Think on it, my daughter, but do not think too long. When you speak of our conversation to your sisters, tell them of your path among the Wood-warders.

Fran felt wind ruffle her hair and after a few moments she felt the Wood’s presence leave. She sat alone with her thoughts for many moments. It seemed more than strange that she would be asked to take on a task that would take her away from the forest and village. But Fran was certain it was the Wood who had spoken to her. She recognized Her gentle melody and presence.

The village would be prepared to celebrate her entry into adulthood by now. Fran stood, working out a kink that had formed in her back while she’d sat and returned to the terraces along the trees. There were fires lit in the lamps lining the walkways, and Fran found her way to the Fane of the Path to where her sisters stood waiting.

Jote stood, cradling an intricately tooled leather helmet, dyed black in the manner of a Wood-warder.

“So certain were you that the Wood would choose for me the warder’s path?” Fran asked when she saw the helm.

“The Wood, she spoke to me and told me of your path,” Jote answered, as if that made things any clearer for Fran.

Did her sister know the Wood had told her that she might leave the village to find her soul mate? Fran bowed instead. Her sister placed the helmet gently on her head.

It was strange to wear. It rested snuggly around her ears, yet Fran caught sight of it out of the corner of her eye, resting on her cheekbones and against her temples. She ran her fingers over it, feeling the work that had gone into producing the beautiful helm.

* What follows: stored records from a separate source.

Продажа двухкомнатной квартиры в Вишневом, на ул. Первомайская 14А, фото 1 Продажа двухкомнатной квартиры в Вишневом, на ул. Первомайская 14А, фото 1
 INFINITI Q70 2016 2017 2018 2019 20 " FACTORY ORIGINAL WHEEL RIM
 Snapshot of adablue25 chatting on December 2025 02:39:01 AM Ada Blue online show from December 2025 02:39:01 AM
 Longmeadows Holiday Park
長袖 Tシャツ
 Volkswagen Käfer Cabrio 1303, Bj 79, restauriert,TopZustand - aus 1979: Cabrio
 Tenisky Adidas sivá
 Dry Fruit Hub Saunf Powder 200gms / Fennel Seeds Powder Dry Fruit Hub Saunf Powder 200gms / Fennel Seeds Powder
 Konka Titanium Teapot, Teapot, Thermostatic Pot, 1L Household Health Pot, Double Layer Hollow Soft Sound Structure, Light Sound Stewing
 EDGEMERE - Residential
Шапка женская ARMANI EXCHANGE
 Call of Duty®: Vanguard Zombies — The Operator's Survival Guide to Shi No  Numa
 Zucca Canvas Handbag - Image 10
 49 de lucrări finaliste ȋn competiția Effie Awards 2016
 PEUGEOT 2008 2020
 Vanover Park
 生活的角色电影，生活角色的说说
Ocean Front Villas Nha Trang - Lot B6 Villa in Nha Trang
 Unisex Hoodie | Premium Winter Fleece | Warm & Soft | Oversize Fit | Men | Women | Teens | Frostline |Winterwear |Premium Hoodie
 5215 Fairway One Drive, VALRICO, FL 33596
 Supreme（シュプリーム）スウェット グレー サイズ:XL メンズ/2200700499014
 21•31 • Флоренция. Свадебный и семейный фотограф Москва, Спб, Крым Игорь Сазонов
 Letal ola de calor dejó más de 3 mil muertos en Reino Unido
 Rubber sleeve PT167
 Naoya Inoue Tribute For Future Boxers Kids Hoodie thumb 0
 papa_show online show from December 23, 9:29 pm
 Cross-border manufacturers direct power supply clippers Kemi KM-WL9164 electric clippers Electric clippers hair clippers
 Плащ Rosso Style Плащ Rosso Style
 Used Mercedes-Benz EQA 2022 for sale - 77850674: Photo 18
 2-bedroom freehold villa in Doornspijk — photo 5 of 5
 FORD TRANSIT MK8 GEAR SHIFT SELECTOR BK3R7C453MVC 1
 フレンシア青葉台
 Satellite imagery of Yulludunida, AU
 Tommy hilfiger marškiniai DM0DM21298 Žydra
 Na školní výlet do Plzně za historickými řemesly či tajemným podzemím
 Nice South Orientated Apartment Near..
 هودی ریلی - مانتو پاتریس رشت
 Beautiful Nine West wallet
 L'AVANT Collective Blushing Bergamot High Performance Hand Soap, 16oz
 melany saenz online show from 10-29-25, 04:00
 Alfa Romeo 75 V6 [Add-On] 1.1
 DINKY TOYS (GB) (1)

“The rest of your armor waits for you in your home, sister. Seek it out and change before we are to celebrate your majority,” Jote instructed her. Fran only nodded, still deep in thought. The walk to her home was interrupted several times by viera offering their congratulations for her call. They gave her no chance to think on the choice that had been set down for her.

Although it had been presented as choice, Fran knew that the Wood meant for her to leave, meant for her to take up her task. Fran had wondered if other viera had been offered the twofold path but had refused. It had been many years since the last viera took up her charge to the Wood, and none had left from under her boughs. It seemed odd that she would be the one to do this. That the Wood would ask her to set aside the Green Law and enter into the land of humes. But so had the Wood asked.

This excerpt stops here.